Another quarter, another wave of digital subscriptions for The New York Times Company (NYSE:NYT). The newspaper publisher's second-quarter 2017 earnings report revealed that it's still experiencing a surge of non-print subscriptions, as a multiyear bet on content geared toward mobile devices continues to pay off. Below, we'll hit the headline numbers, followed by a detailed look into the quarter's results.
The New York Times earnings: The raw numbers
|Metric||Q2 2017||Q2 2016||Year-Over-Year Growth|
|Revenue||$407.1 million||$372.6 million||9.3%|
|Net income||$15.6 million||($0.21) million||N/A|
|Diluted earnings per share||$0.09||($0.00)||N/A|
What happened with The New York Times this quarter?
Subscription revenue increased 13.9% to $250.0 million on the strength of a 46.4% leap in total digital-only subscriptions. Digital subscription revenue totaled $82.5 million during the quarter.

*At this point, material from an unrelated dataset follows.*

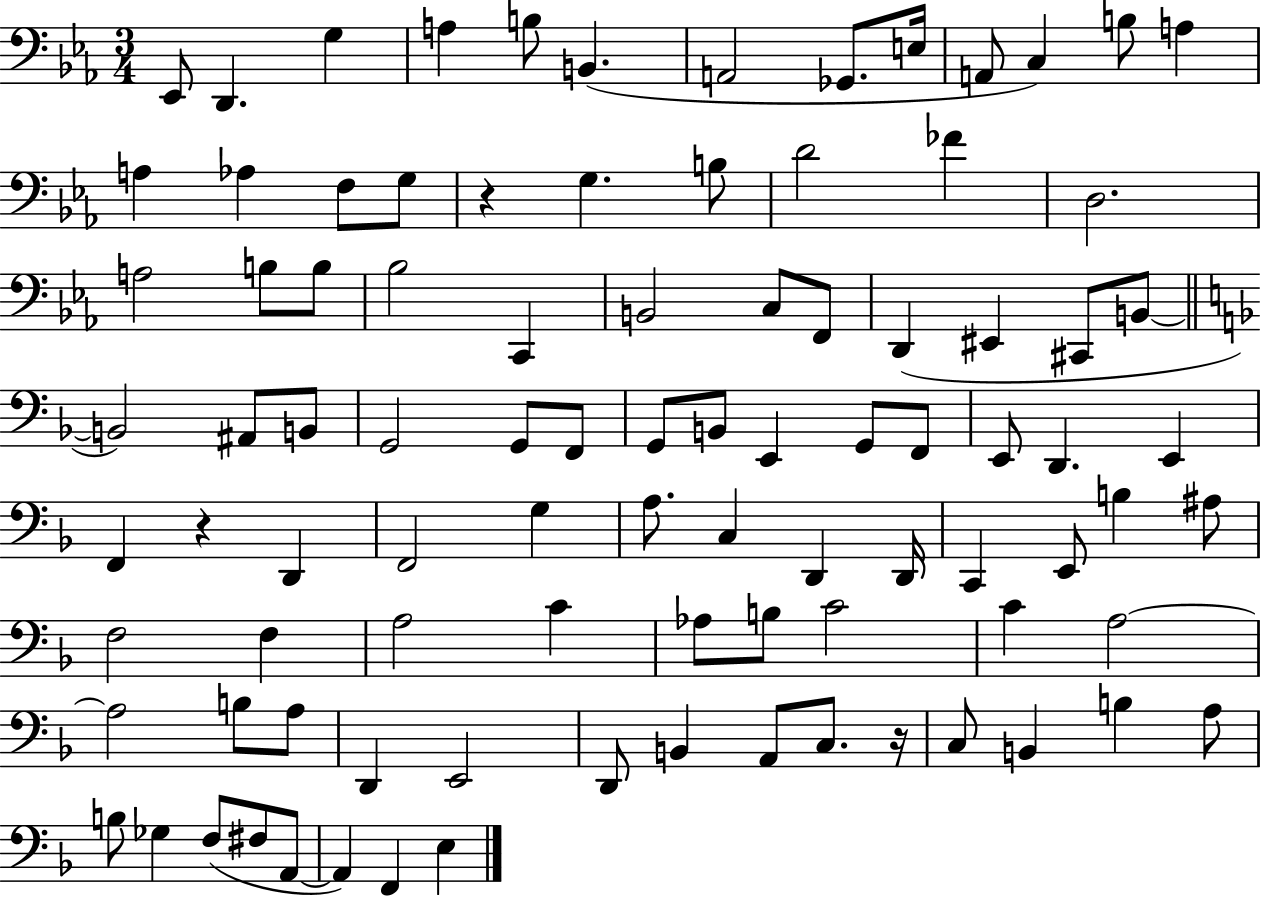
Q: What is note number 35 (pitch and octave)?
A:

Paid digital-only subscriptions expanded sequentially from last quarter by 114,000, to a total of 2.33 million by quarter's end. The additions represented a 63.4% increase versus the second quarter of 2016, and were comprised of 93,000 digital news subscriptions, with the balance to the company's digital crossword product.
Digital subscriptions are still benefiting from high interest in the company's coverage of the Trump administration, as CEO Mark Thompson pointed out during the conference call with analysts.
Digital-only crossword subscriptions proved again to be a small but rapidly growing component of total revenue. Crossword subscriptions revenue rose nearly 42% to $3.2 million during the quarter.
- There appears to be long-term potential in international subscriptions. Non-U.S. subscriptions soared by 80% during the quarter, and now make up 14% of digital-only subscriptions.
Advertising revenue increased by 0.8%, which, as management relayed, marked its first positive advance since the fourth quarter of 2014. Print advertising's decline of 10.5% was offset by a 22.5% increase in digital advertising.
Weakness in print advertising was formerly a huge problem for the Times. But with each passing quarter, expansion in non-print services reduces print advertising's contribution to the company's top line. In the last three months, print advertising made up just 19% of revenue, and management reported that for the first time, digital subscription revenue surpassed that of print advertising.
"Other" revenue rose 12.8% to $24.8 million, buoyed by revenue from the October 2016 acquisitions of two product review sites: The Sweethome and The Wirecutter.
Operating costs rose 11% during the quarter to $377.4 million, due primarily to severance costs for terminated employees and increased compensation. Substantially higher net income versus the comparable quarter resulted from restructuring and pension charges taken in the second quarter of 2016. These special items produced a comparative current year benefit of $23.5 million.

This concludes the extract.